- **Data shown**

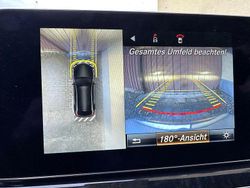 Schwarz Gebraucht 2016 Mercedes CLS350 Shooting Brake Kombi | 15.299 € (Fairer Preis)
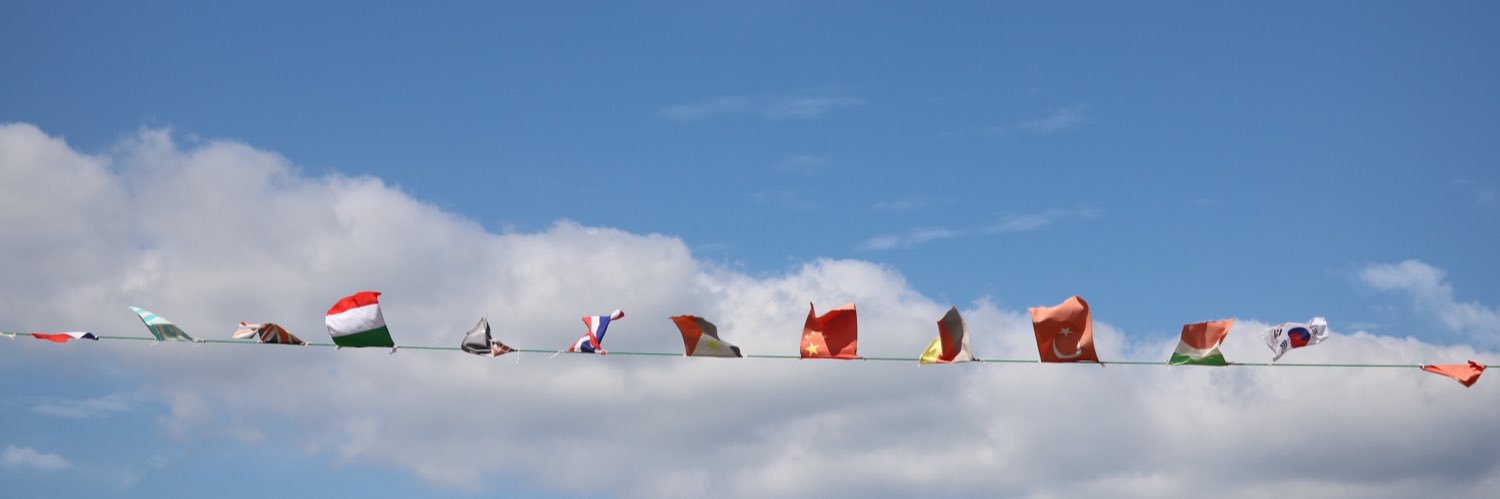 KH banner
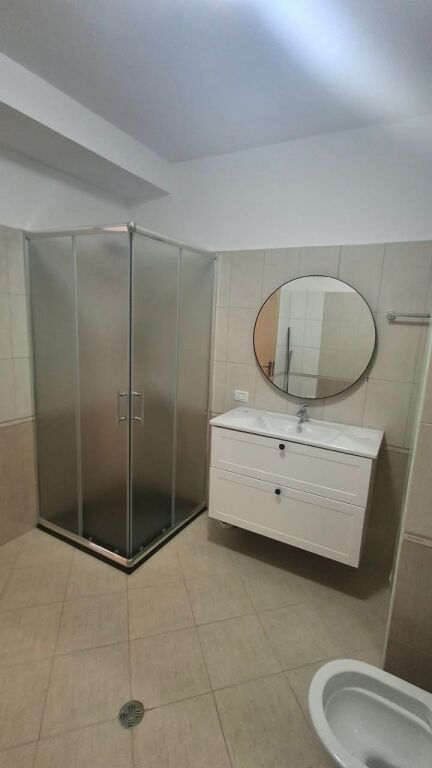 Apartment 2+1 for rent – Near the Police!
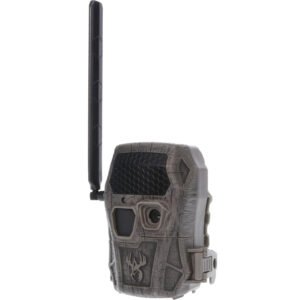 Wildgame Encounter XT Cellular Camera AT&T / Verizon 34 MP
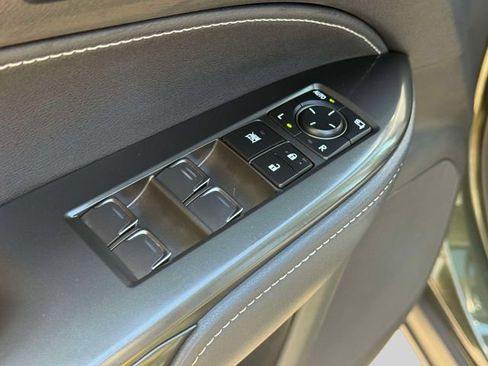 Used 2023 Lexus NX 350 AWD w/ Cold Area Package image 22
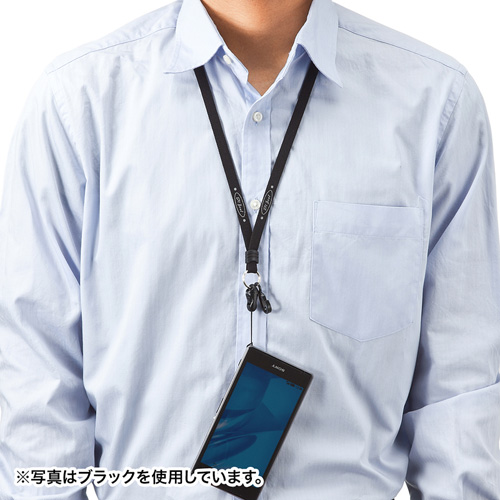 特長説明画像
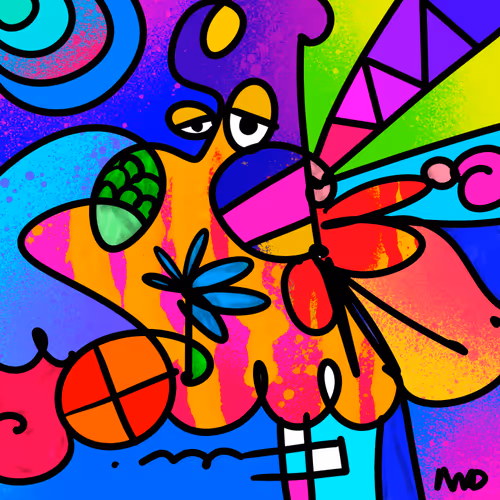 Item #99714433688698250187847868890535143367133999143054381764877986578408469954561 Media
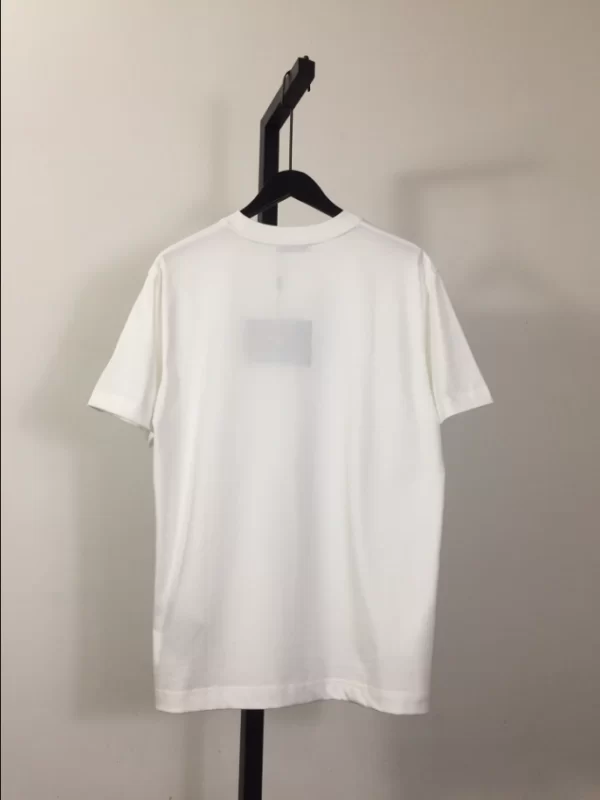 Prada T-shirt - PRT001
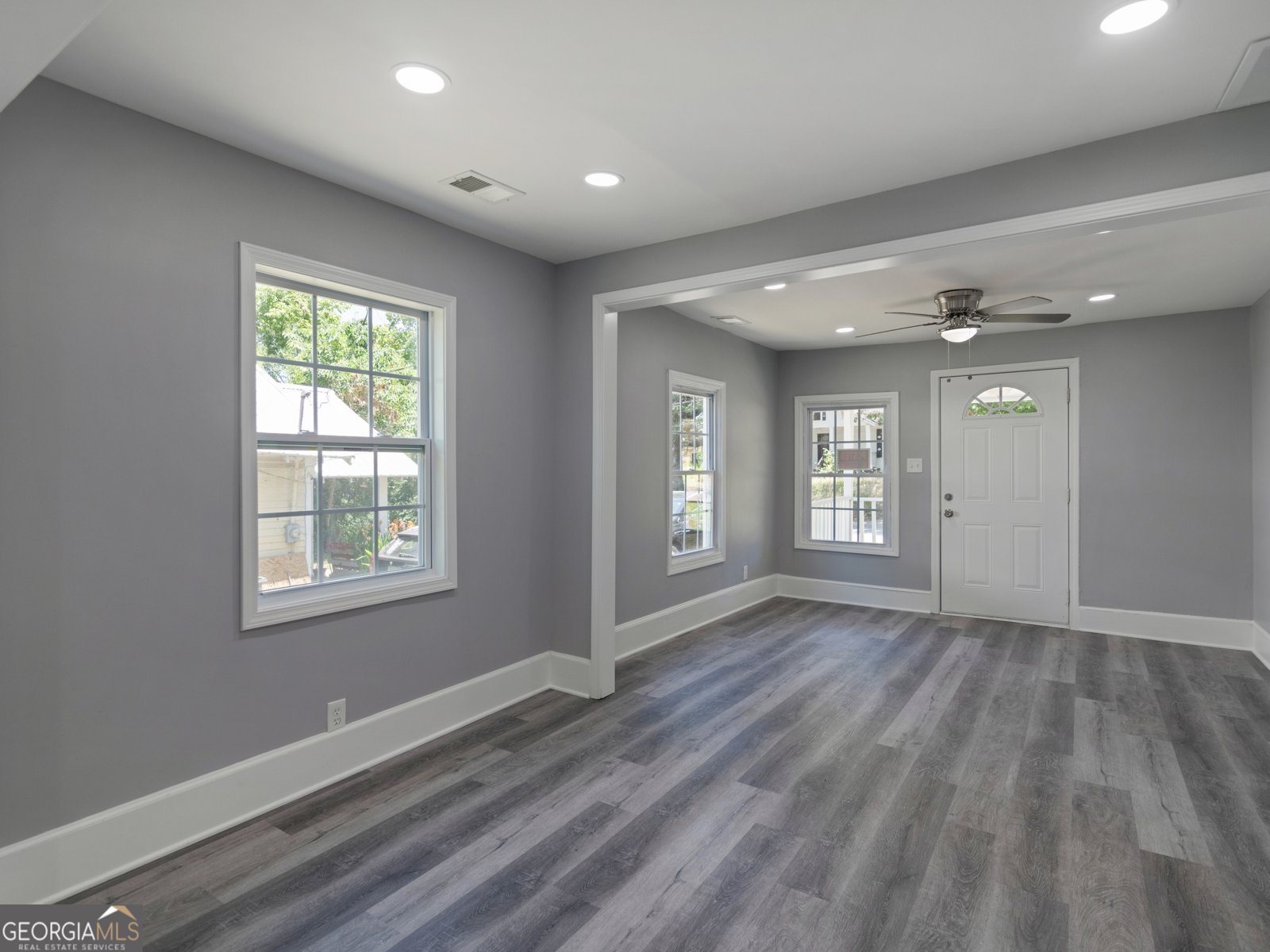 421 6th Street Griffin - 15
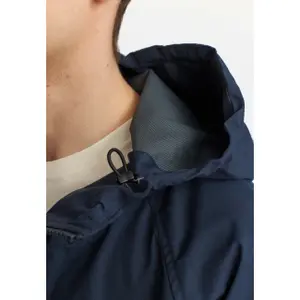 Veste imperméable Bike Revolution image-4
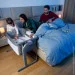   Chicco Next 2 Me Magic (87041.72)
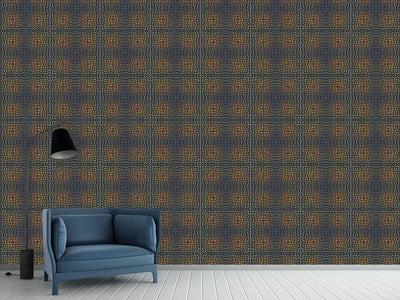 patterned-wallpaper-reflex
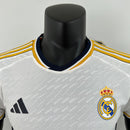 Los BlancosI 23/24 MAN (VERSION PLAYER)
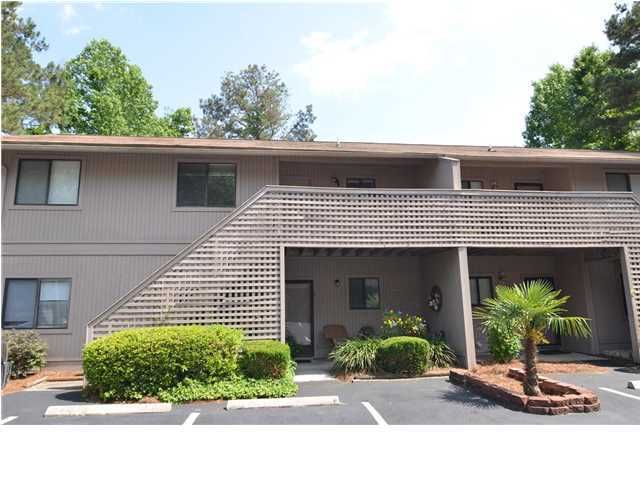 2741 Jobee Dr #6, Charleston, SC 29414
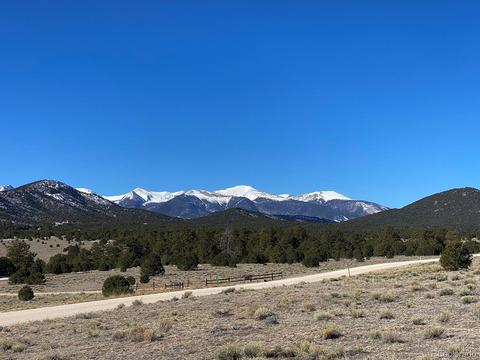 1233 Hitching Post Rd, Cotopaxi, CO 81223 photo 9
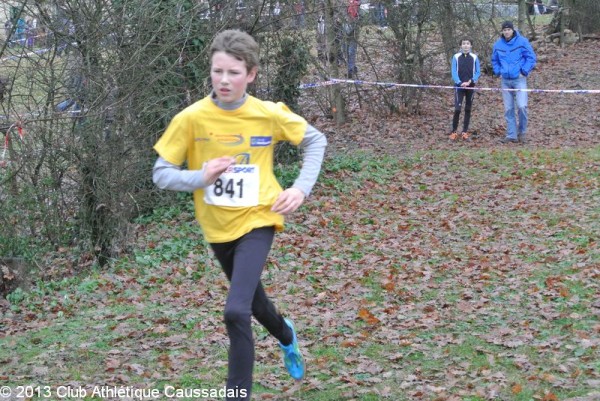 cross-departemental-caussade-13-01-2013_206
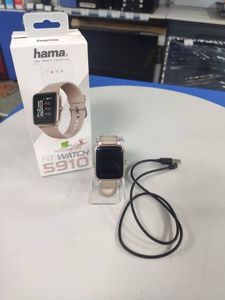 01-19028546: Hama 5910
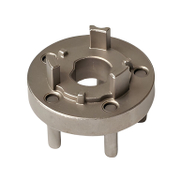 Носач HiKOKI - Hitachi за винтоверт  DS18DBL, DS14DBL - product - HTC6331890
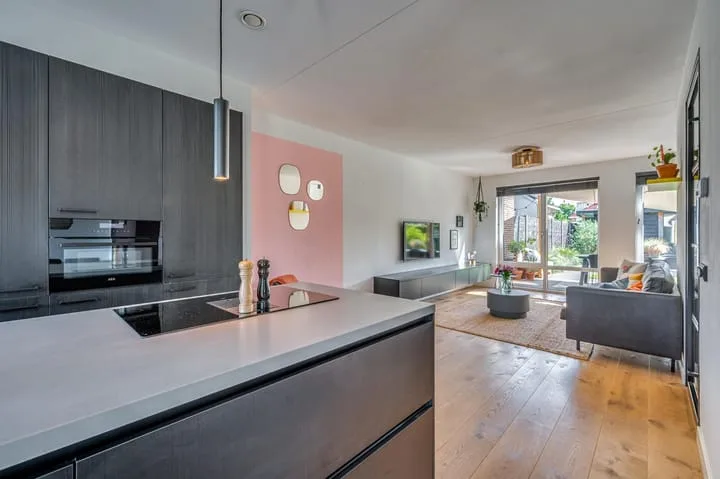Bertus Aafjesstraat 31 Swolgen thumbnail 23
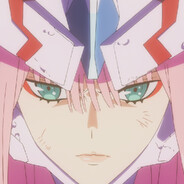 franxx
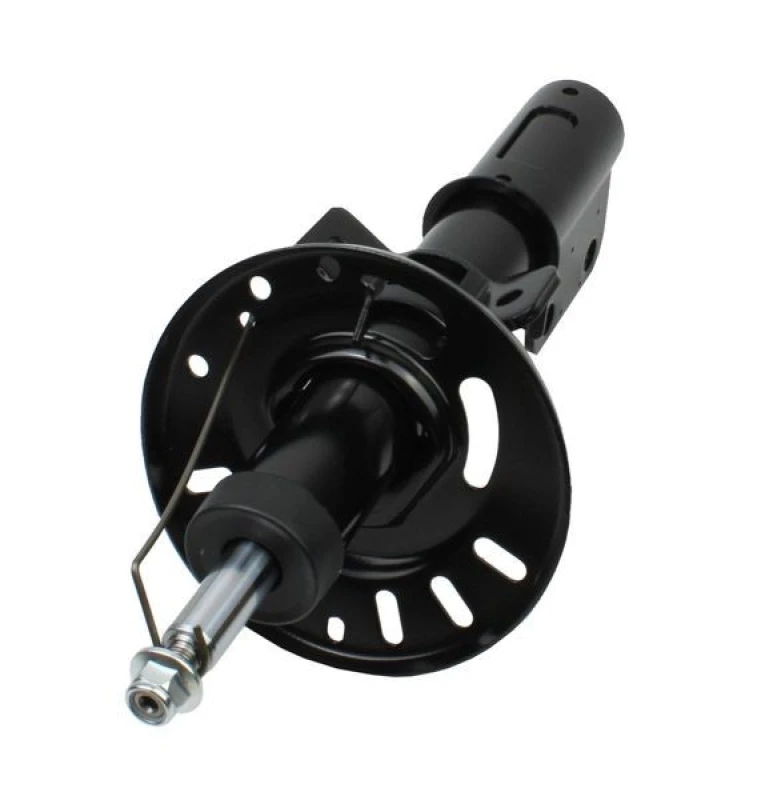 Image of MAXGEAR Shock absorber MAXGEAR 11-1399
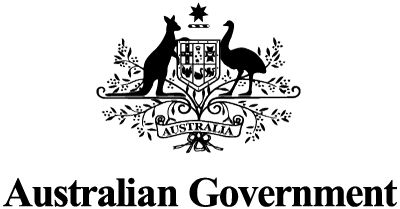 australian-government-logo.png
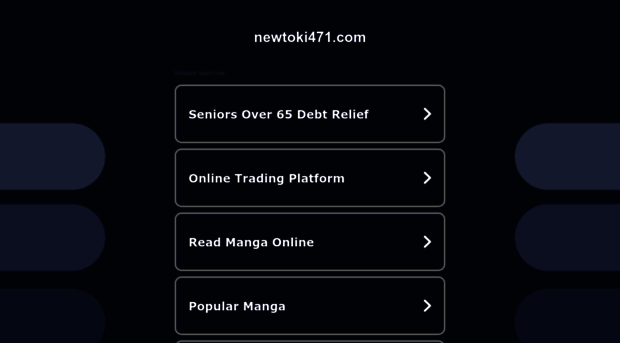 newtoki471.com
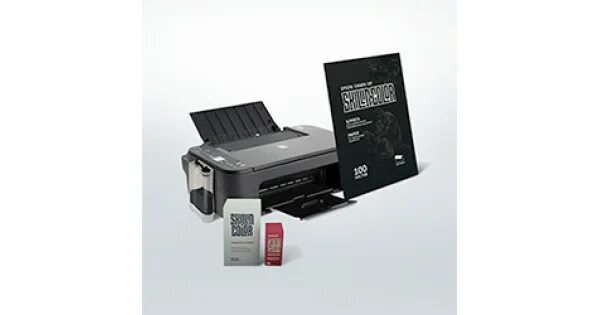 Снпч для canon ip1600. Ts3340 снпч. Ts3340 снпч. Canon ts3340 снпч. Ip7240 снпч.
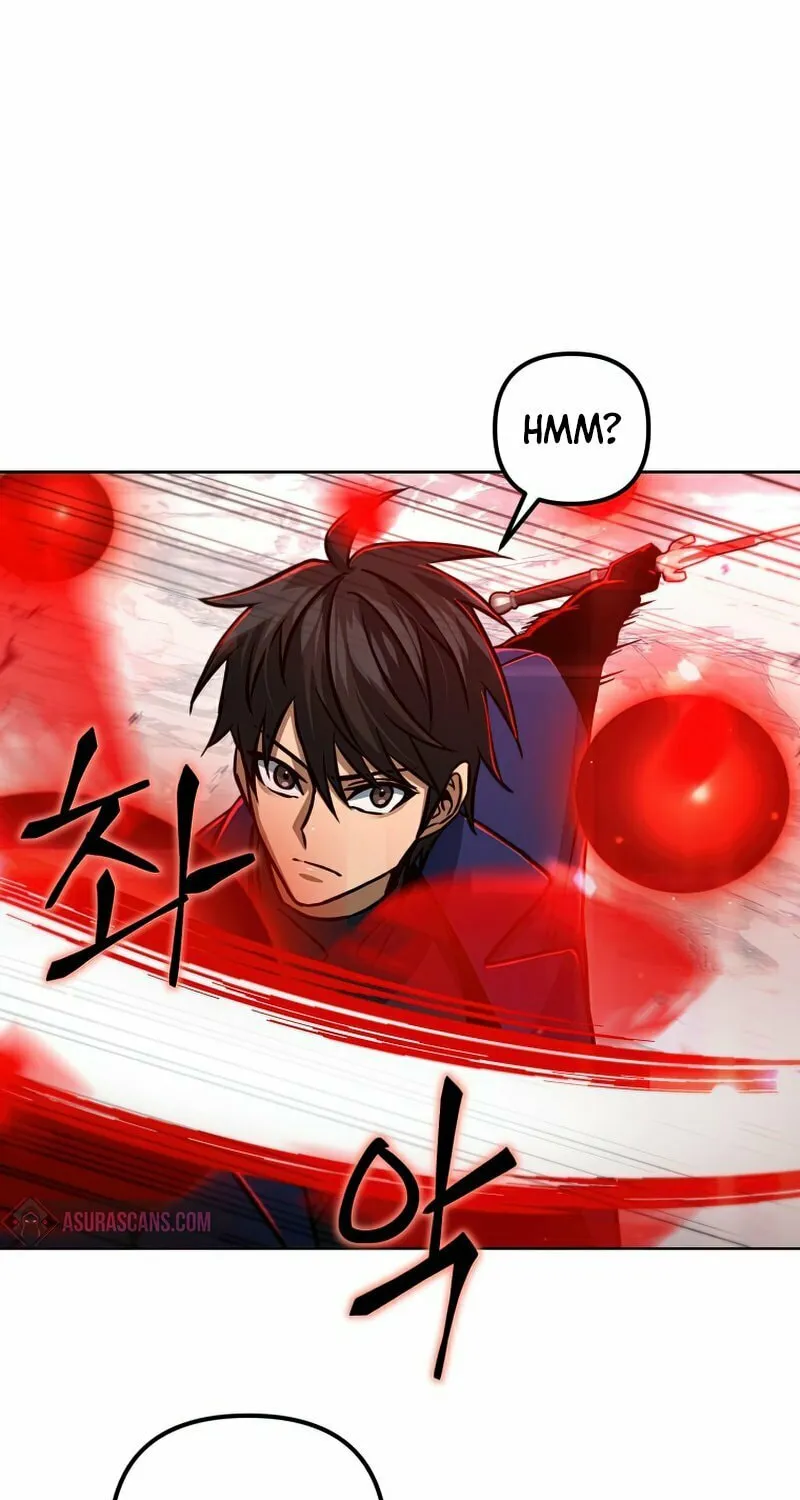 Read Leveling Beyond the Max chapter 52 image 41 on Lezhin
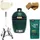 Big Green Egg Small inkl. Zubehör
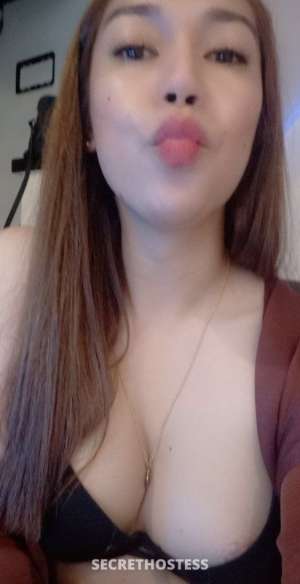 Lauren 27Yrs Old Escort 151CM Tall Makati City Image - 2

- **Task instructions**
With pictures omitted, copy exactly the lines from the one containing "Image of MAXGEAR" through the final line of the listing, both included.

- **Answer area**
 Image of MAXGEAR Shock absorber MAXGEAR 11-1399
 australian-government-logo.png
 newtoki471.com
 Снпч для canon ip1600. Ts3340 снпч. Ts3340 снпч. Canon ts3340 снпч. Ip7240 снпч.
 Read Leveling Beyond the Max chapter 52 image 41 on Lezhin
 Big Green Egg Small inkl. Zubehör
 Lauren 27Yrs Old Escort 151CM Tall Makati City Image - 2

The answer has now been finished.